SDM defines a different behavior and hardware doesn't do that either.
There are only two reasons for a VMFUNC VM exit from EPTP switching:

1) ECX > 0
2) EPTP would cause VM entry to fail if in VMCS.EPT_POINTER

KVM can fail for other reasons because of its bugs, but that should be
notified to the guest in another way. Rebooting the guest is kind of
acceptable in that case.

> The eptp switching function really didn't
> succeed as far as our emulation goes when kvm_mmu_reload() fails.
> And as such, the generic vmexit failure event should be a vmfunc vmexit.

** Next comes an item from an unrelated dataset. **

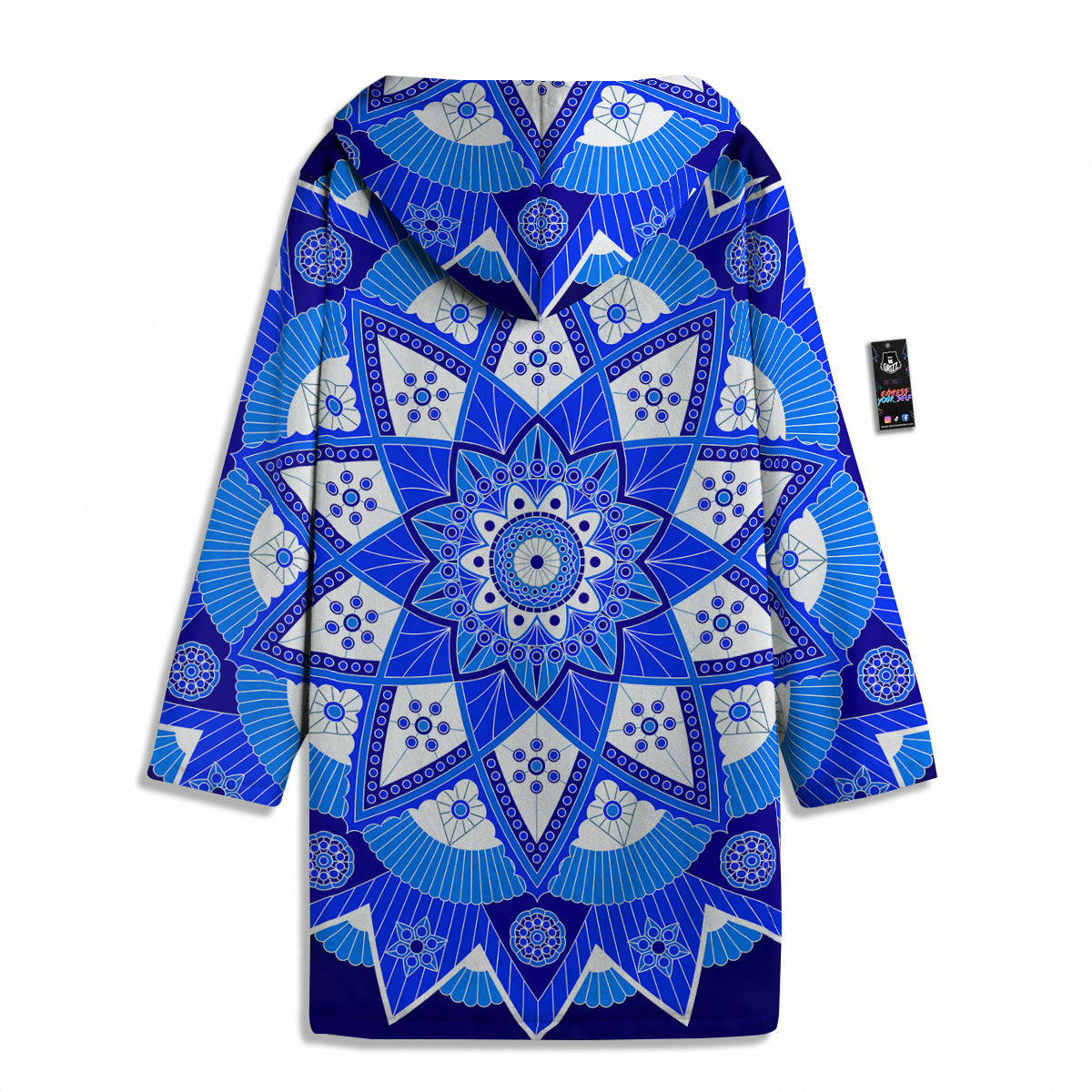 Bohemian Mandala White And Blue Print Men's Windbreaker Jacket-grizzshop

I interpret it as two separate events -- at first, the vmfunc succeeds
and when it later tries to access memory through the new EPTP (valid,
but not pointing into backed memory), it results in a EPT_MISCONFIG VM
exit.

> We cannot strictly follow the spec here, the spec doesn't even mention a way
> to emulate eptp switching. If setting up the switching succeeded and the
> new root pointer is invalid or whatever, I really don't care what happens
> next but this is not the case. We fail to get a new root pointer and without
> that, we can't even make a switch!

We just make it behave exactly how the spec says that it behaves. We do
have a value (we read 'address') to put into VMCS.EPT_POINTER, which is
all we need for the emulation.
The function doesn't dereference that pointer, it just looks at its
value to decide whether it is valid or not. (btw. we should check that
properly, because we cannot depend on VM entry failure pass-through like
the normal case.)

The dereference done in kvm_mmu_reload() should happen after EPTP
switching finishes, because the spec doesn't mention a VM exit for other
reason than invalid EPT_POINTER value.

>> just keep the original bug -- we want to eventually fix it and it's no
>> worse till then.
>
> Anyway, can you please confirm again what is the behavior that you
> are expecting if kvm_mmu_reload fails ? This would be a rarely used
> branch and I am actually fine diverging from what I think is right if
> I can get the reviewers to agree on a common thing.

kvm_mmu_reload() fails when mmu_check_root() is false, which means that
the pointed physical address is not backed. We've hit this corner-case
in the past -- Jim said that the chipset returns all 1s if a read is not
claimed.

So in theory, KVM should not fail kvm_mmu_reload(), but behave as if the
pointer pointed to a memory of all 1s, which would likely result in
EPT_MISCONFIG when the guest does a memory access.

It is a mishandled corner case, but turning it into VM exit would only
confuse an OS that receives the impossible VM exit and potentially
confuse reader of the KVM logic.

I think that not using kvm_mmu_reload() directly in EPTP switching is
best. The bug is not really something we care about.